In an interview with Entertainment Weekly McDonald said it was "it was about my time to cruise out!" Even will.i.am and those guys were like, 'Dude, I know you're a real artist. It's killing you to do these covers.'" McDonald said that he woke up Thursday morning with a premonition that this might be the end for him. "It was weird, man, I had a feeling about it," he told EW backstage. "When I got up there, I was completely at peace. It was good, man, you know, because I looked over, and I saw these kids, man, that they've dreamed of winning American Idol forever. So I'm like, 'Go get it, win this thing!'
With seven contestants remaining, the race is tightening, but the judges seem to be doing little to help shape it.
"The judges aren't really judging," said M.J. Santilli, who has been hearing complaints from fans on her "Idol" website MJ's Big Blog. "They're more like cheerleaders, at this point. They're giving the same boring critique to nearly every contestant no matter how they sing."
Some fans are even blaming the judges for Pia Toscano's stunning ouster last week, saying they could have helped guide the voting public by being more critical of less talented contestants and providing more constructive criticism to the stronger ones.
"If she had captured the imagination of the viewers it wouldn't have mattered what the judges said," Santilli said. "She was kind of dull and robotic. She sang ballads every week. She was a little bit cold on the stage. I wouldn't necessarily lay that on the judges.
"They actually did try to get her to step out of her box," Santilli said.
And despite the strong reaction to Toscano receiving the axe, "Idol" executive producer Nigel Lythogoe told Yahoo Music last week that "she was never a frontrunner."
Still, Santilli thinks the judges are pampering the contestants too much by holding back the harsh words.
"They're giving some of them an over-inflated sense of how good they are," she said, singling out Casey Abrams, who performed Nat King Cole's "Nature Boy" Wednesday.
Jackson and Tyler stood and applauded, and all three judges gushed about what a great artist Abrams is.
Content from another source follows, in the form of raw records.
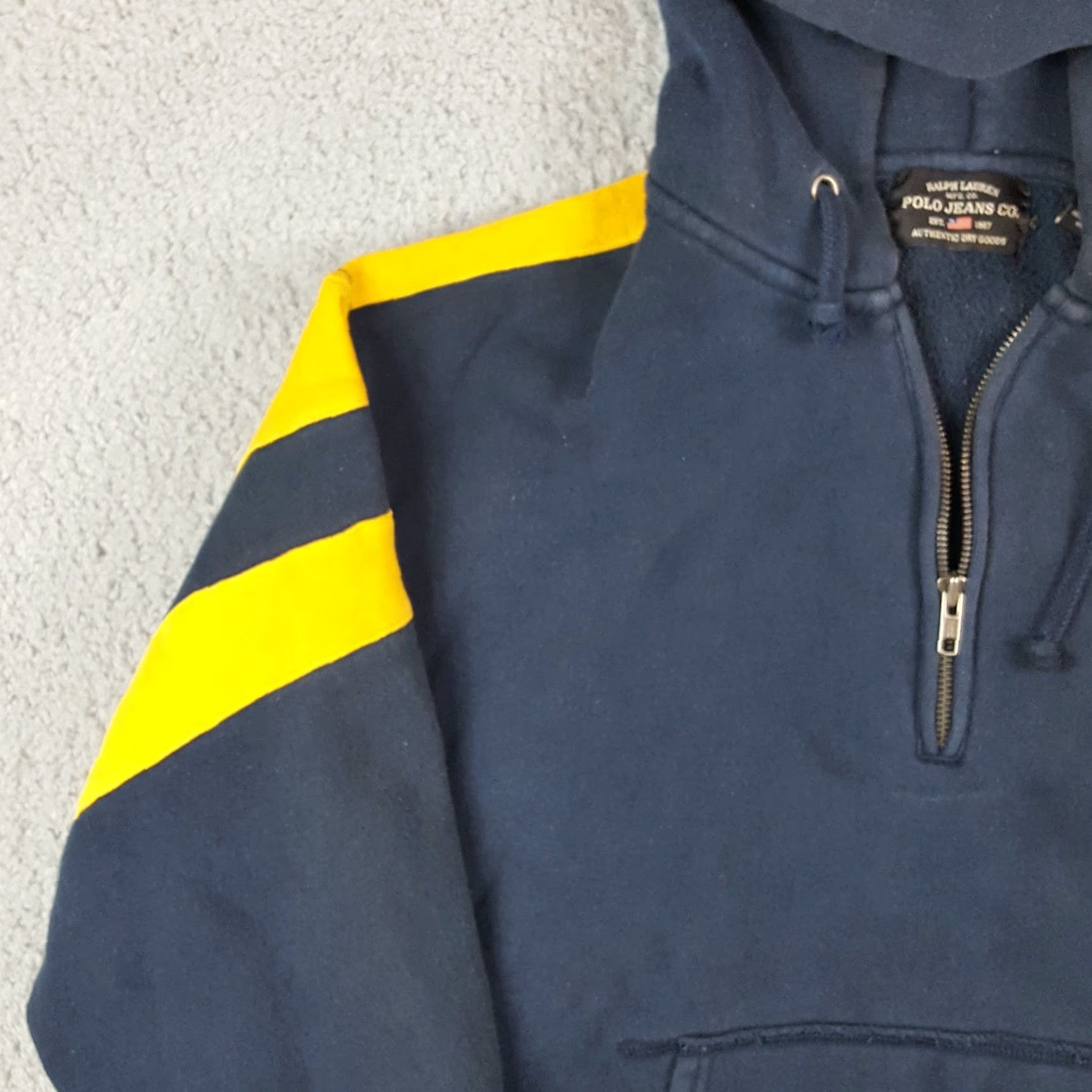 Ralph Lauren Vintage Polo Jeans Ralph Lauren Hoodie Men M 90s Grunge Retro Fleece Pullover Zip Sweatshirt Size US M / EU 48-50 / 2 - 5 Thumbnail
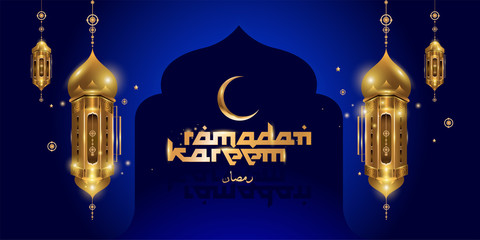 Wall Mural - ramadan kareem gold islamic card, banner, poster vector illustration background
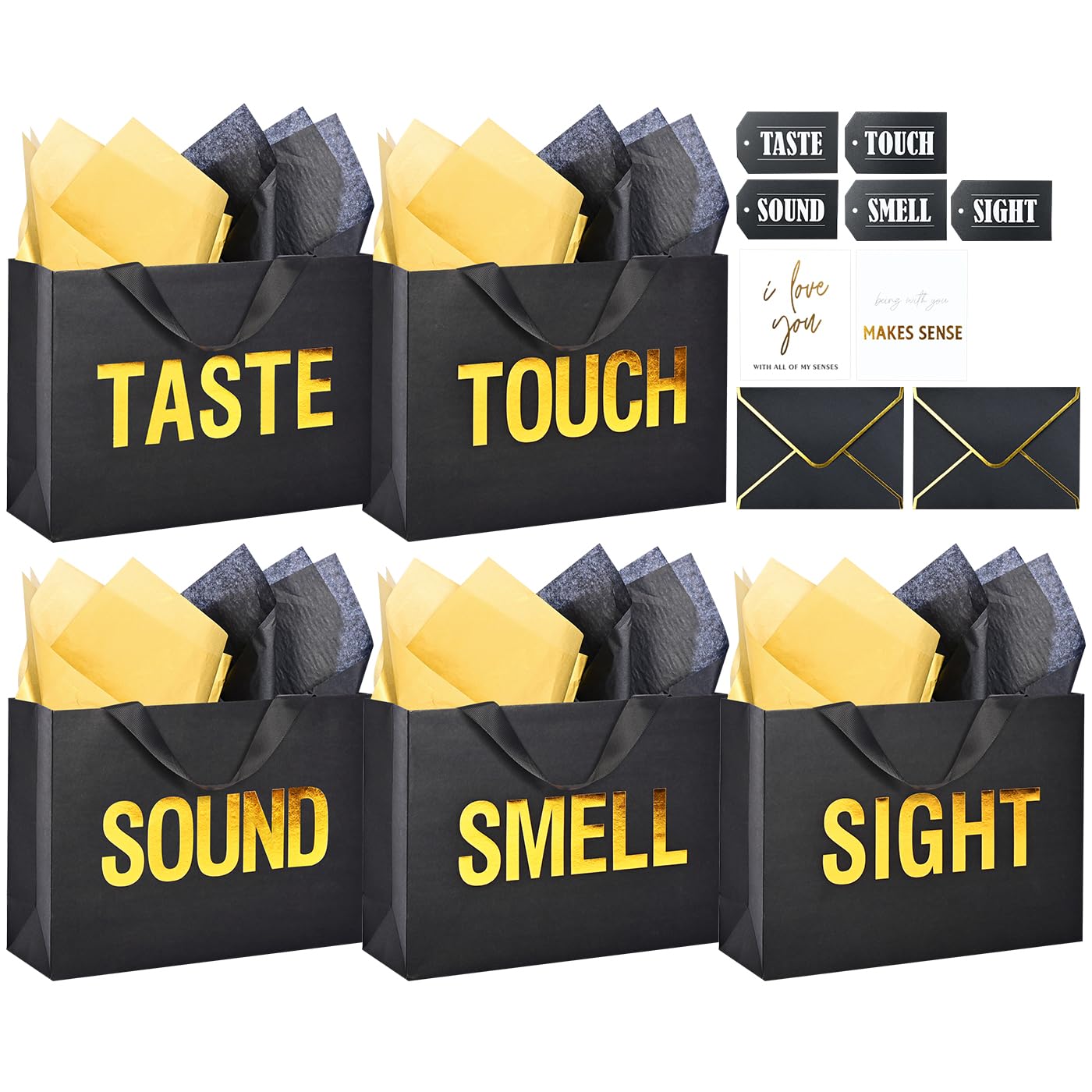 Large 5 Senses Gift Bags for Him with Labels, Envelopes and Cards,Gold Foil Five Senses Gift Bag for Her with Handles & Tissue Paper for Valentine's Day, Birthday, Wedding, Anniversary 12.6"X8.7"X4"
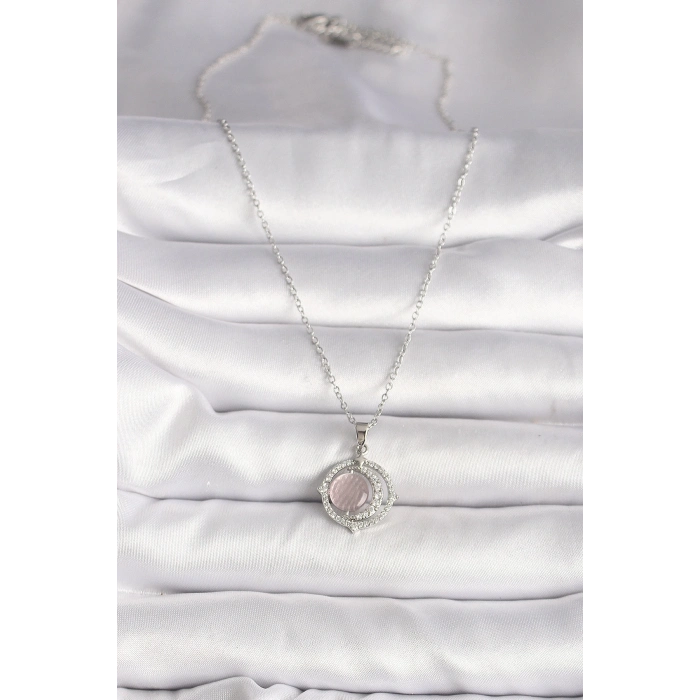 316L Çelik Gümüş Renk Zirkon Taşlı Pembe Sedefli Hilal Model Kadın Kolye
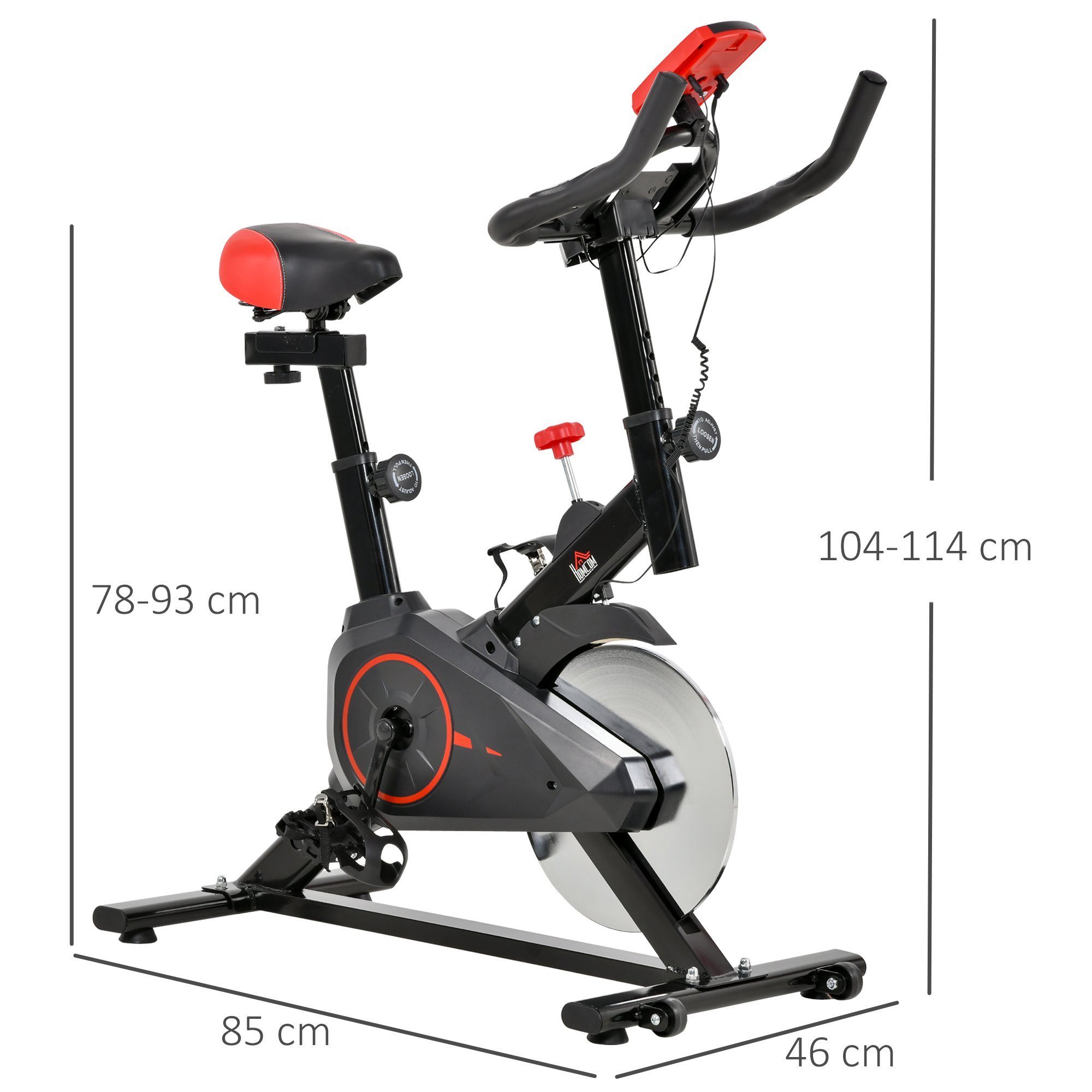 HOMCOM Heimtrainer Indoor Cycling Bike Trainer Home Gym Fahrradtrainer (1-tlg., Fitnessfahrrad), 85L x 46B x 114H cm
"The standing ovations were too much," Santilli said, adding that James Durban also got overly praised, though his performance last week fell flat.
"Right now, at this point in the competition, I'm missing that critical voice, that voice of someone who would be blunt," Santilli said.
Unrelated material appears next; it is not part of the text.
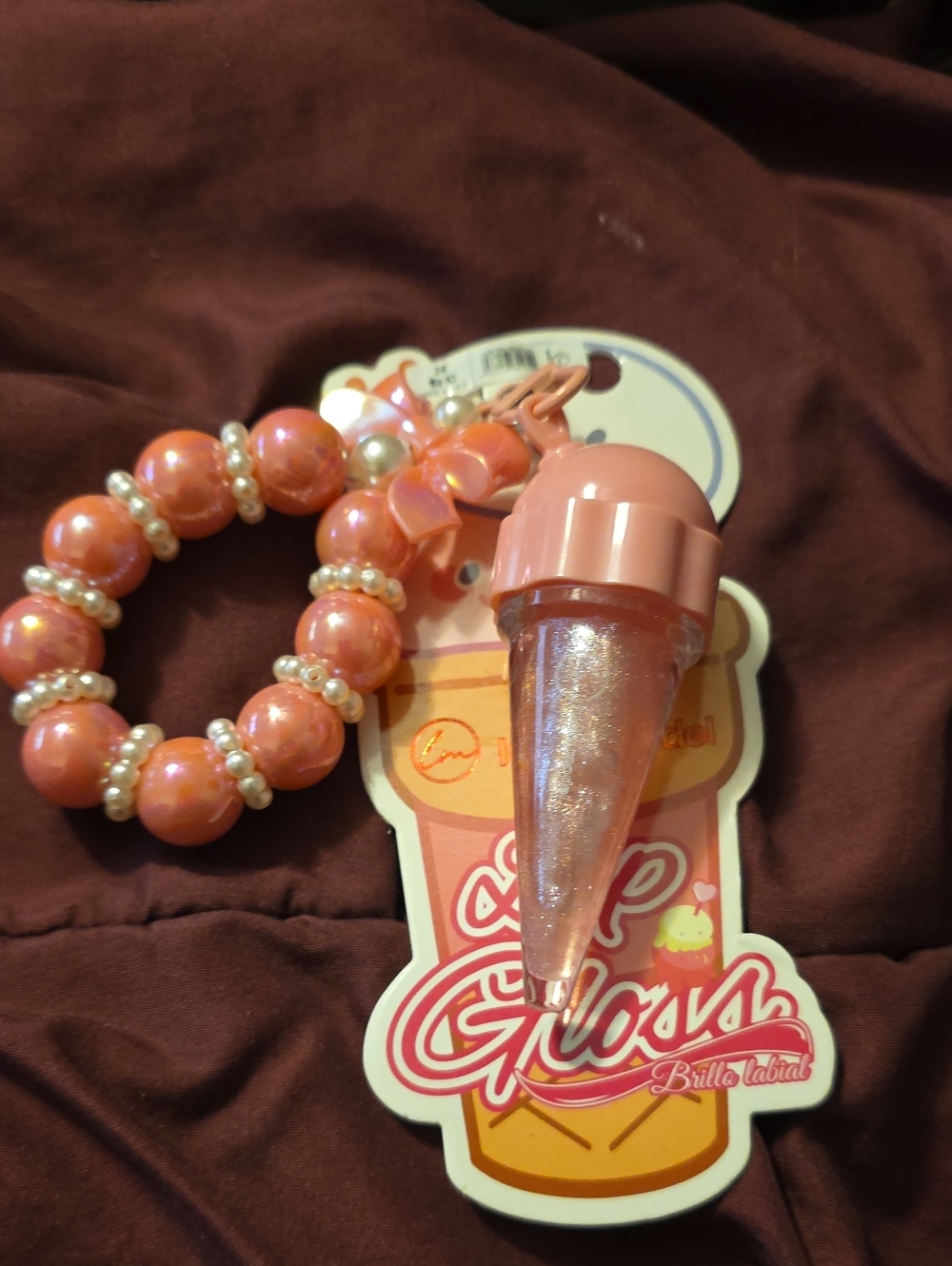 Lucky Model Pearl Charm Lip Gloss Keychain Bracelet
She's referring, of course, to Simon Cowell, who left "Idol" at the end of last season to focus on his own singing competition, "The X Factor."
The judges seem to be aware that they are being judged, too. On Wednesday's show, Lopez acknowledged that fans think the judges are being too nice -- but, she countered, the contestants are just so good this year.
Santilli didn't buy that excuse. She thinks Lopez stopped giving out constructive feedback a few weeks ago because she has an album coming out.
"If she became this harsh critic, fans of the contestants she's criticizing would hate her," she said.
"That's the problem when you have two people who are stars and have products to sell," Santilli said, referring also to Tyler, who she said looks bored half the time. "They don't want to tarnish their reputations."
But Jackson defended the judges' new approach to the judging.
"It's a different energy, it's a different sensibility," he told website Hollywood Outbreak last month. "People are saying to me, 'Dawg, you guys are so nice." If you really listen to what we say, we give people it the straight way, too. It's just not quite as biting. It's a remix. Season 10."